Here's a key reference for HTTP status codes: [w3.org...]

By the way, what server software are you running these domains on? Might be relevant.

ciml

10:56 am on Jul 3, 2002 (gmt 0)

WebmasterWorld Senior Member 10+ Year Member



Over the last year, more than 90% of my host-less requests came from Windows servers tying to give me Nimda.

None were from Googlebot or any other search engine that sends real traffic.

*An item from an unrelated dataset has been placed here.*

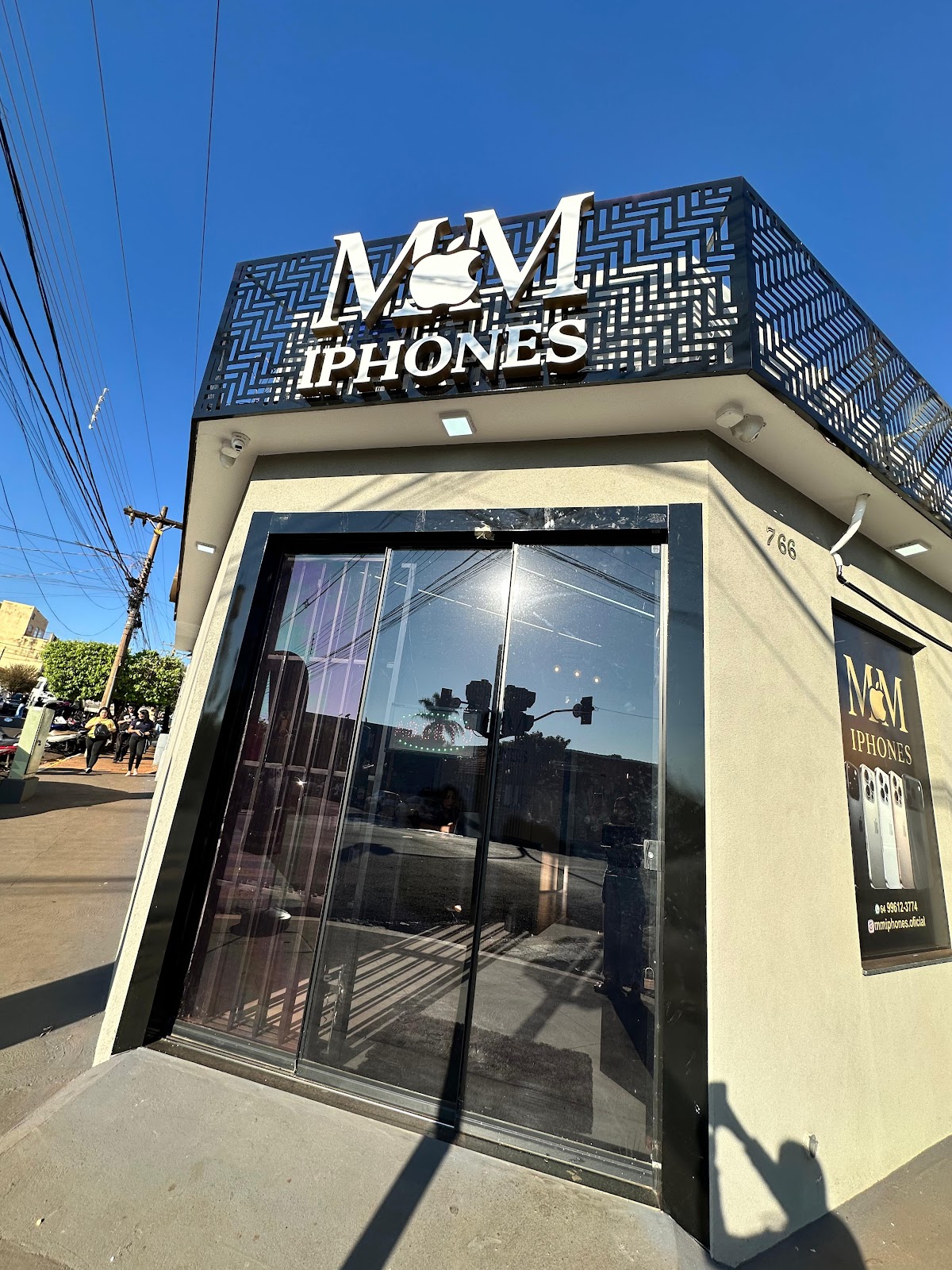 Logotipo da MM Iphones em Rio Verde - GO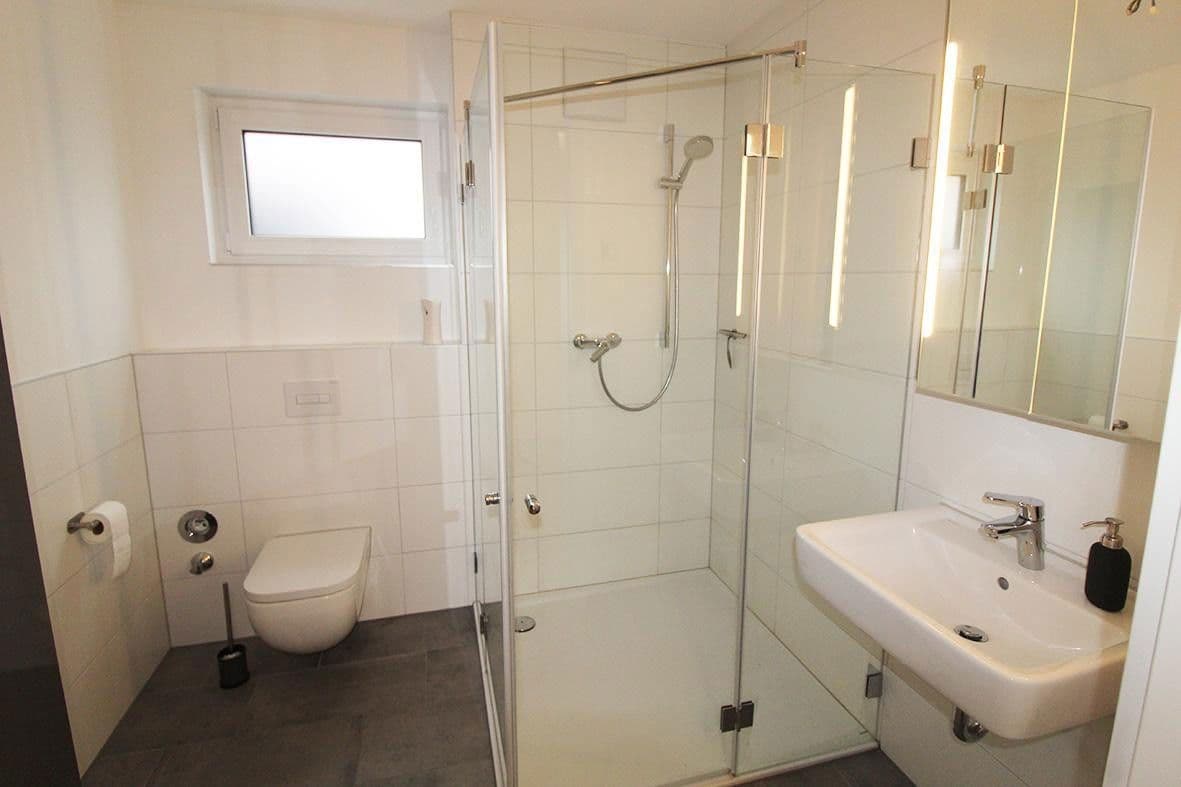 Pronájem bytu 2+1 70 m², Dorfstraße 48, Overath, Severní Porýní-Vestfálsko Pronájem bytu 2+1 70 m², Dorfstraße 48, Overath, Severní Porýní-Vestfálsko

On the other hand, I have come across more than a few sites that have had problems because the server does accept additional host headers. This can lead to duplicate content problems including lost PageRank and rarely, hijacks.

richlowe

3:35 pm on Jul 3, 2002 (gmt 0)

WebmasterWorld Senior Member 10+ Year Member



I had a site which was hosted on a shared host, then moved it to another shared host. I saw Googlebot visiting the first site for almost two months before it realized that the site had moved.

Richard Lowe

przero2

4:23 pm on Jul 3, 2002 (gmt 0)



mbauser2, thanks for your comments on log entries. the server is a cobalt raq 4i running apache. i do not know if the hosting provider messed up with search and replace?. how do i tell??. all i knew was i moved from shared IP to static IP and a change was made by the hosting provider at that time. regardless of how the host is set up, the issue is why googlebot is even looking for my web site pages under the hostdomain instead of sitedomain?. it is weird that it is only googlebot that is doing this and not any other spider like slurp, scooter, mercator, etc.